Answer to Question #201008 in Macroeconomics for BISMARK KWAME

Question #201008

1 In the model of a small open economy showing the link between real exchange rate and net exports, the impact of the government of foreign trade partner aiming at protecting its market, imposing the import tariffs on the domestic economy, is as follows:

Select one from the following options.

i. National savings drop (S-I), which raises the real exchange rate.

ii. Net exports drop which raises the real exchange rate.

iii. Net exports raise which raises the real exchange rate.

iv. Domestic investments drop, national savings increase (S-I), which causes the real exchange rate to fall.



2 If the GDP deflator increases by 5% year on year and real GDP by 3%, it means that nominal GDP Select one from the following options.

i. will increase by about 8%.

ii. will decrease by about 2%.

iii. will increase by about 2%.

iv. will increase by about 5%.




1
Expert's answer
2021-05-31T16:06:56-0400

1.

The correct option is i.
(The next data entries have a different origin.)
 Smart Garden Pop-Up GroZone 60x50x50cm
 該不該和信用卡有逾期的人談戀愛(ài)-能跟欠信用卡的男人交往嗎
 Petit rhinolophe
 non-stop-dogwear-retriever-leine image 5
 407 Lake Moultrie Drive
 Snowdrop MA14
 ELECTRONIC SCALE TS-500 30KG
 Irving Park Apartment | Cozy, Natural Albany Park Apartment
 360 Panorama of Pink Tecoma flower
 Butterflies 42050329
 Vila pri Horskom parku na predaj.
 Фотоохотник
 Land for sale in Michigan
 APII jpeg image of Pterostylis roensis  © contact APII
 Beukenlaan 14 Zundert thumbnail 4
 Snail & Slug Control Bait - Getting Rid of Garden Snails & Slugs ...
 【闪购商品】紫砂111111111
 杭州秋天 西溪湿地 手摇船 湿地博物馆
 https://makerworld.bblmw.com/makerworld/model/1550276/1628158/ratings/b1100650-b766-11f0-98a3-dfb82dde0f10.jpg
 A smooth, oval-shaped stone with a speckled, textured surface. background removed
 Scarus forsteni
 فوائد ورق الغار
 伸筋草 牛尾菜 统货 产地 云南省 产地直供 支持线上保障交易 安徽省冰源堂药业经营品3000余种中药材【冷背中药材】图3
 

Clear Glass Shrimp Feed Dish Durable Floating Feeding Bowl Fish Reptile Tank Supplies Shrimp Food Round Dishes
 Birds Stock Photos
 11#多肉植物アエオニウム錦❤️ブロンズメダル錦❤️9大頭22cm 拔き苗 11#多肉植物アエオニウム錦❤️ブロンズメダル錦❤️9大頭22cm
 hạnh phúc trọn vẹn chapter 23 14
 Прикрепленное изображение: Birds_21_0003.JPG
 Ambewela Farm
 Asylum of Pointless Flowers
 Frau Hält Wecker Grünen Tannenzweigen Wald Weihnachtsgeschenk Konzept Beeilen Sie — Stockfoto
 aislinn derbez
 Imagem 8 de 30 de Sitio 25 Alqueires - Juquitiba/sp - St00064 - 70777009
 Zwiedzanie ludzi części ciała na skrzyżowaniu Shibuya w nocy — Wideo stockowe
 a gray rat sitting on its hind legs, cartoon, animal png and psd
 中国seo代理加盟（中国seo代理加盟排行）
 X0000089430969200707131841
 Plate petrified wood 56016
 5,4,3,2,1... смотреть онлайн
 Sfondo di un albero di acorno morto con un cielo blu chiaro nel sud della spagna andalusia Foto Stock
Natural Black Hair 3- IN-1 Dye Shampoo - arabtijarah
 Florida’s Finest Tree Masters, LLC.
National savings drop (S-I), which raises the real exchange rate.


Explanation

Imposition of tariffs, households reduce their spending by less than the temporary increase in their tax payment, reducing their savings to smooth consumption.

The reduction in national saving causes the NFI curve to shift the left thereby reducing net exports and causing the real exchange rate to increase.


2.

The correct option is i. will increase by about 8%.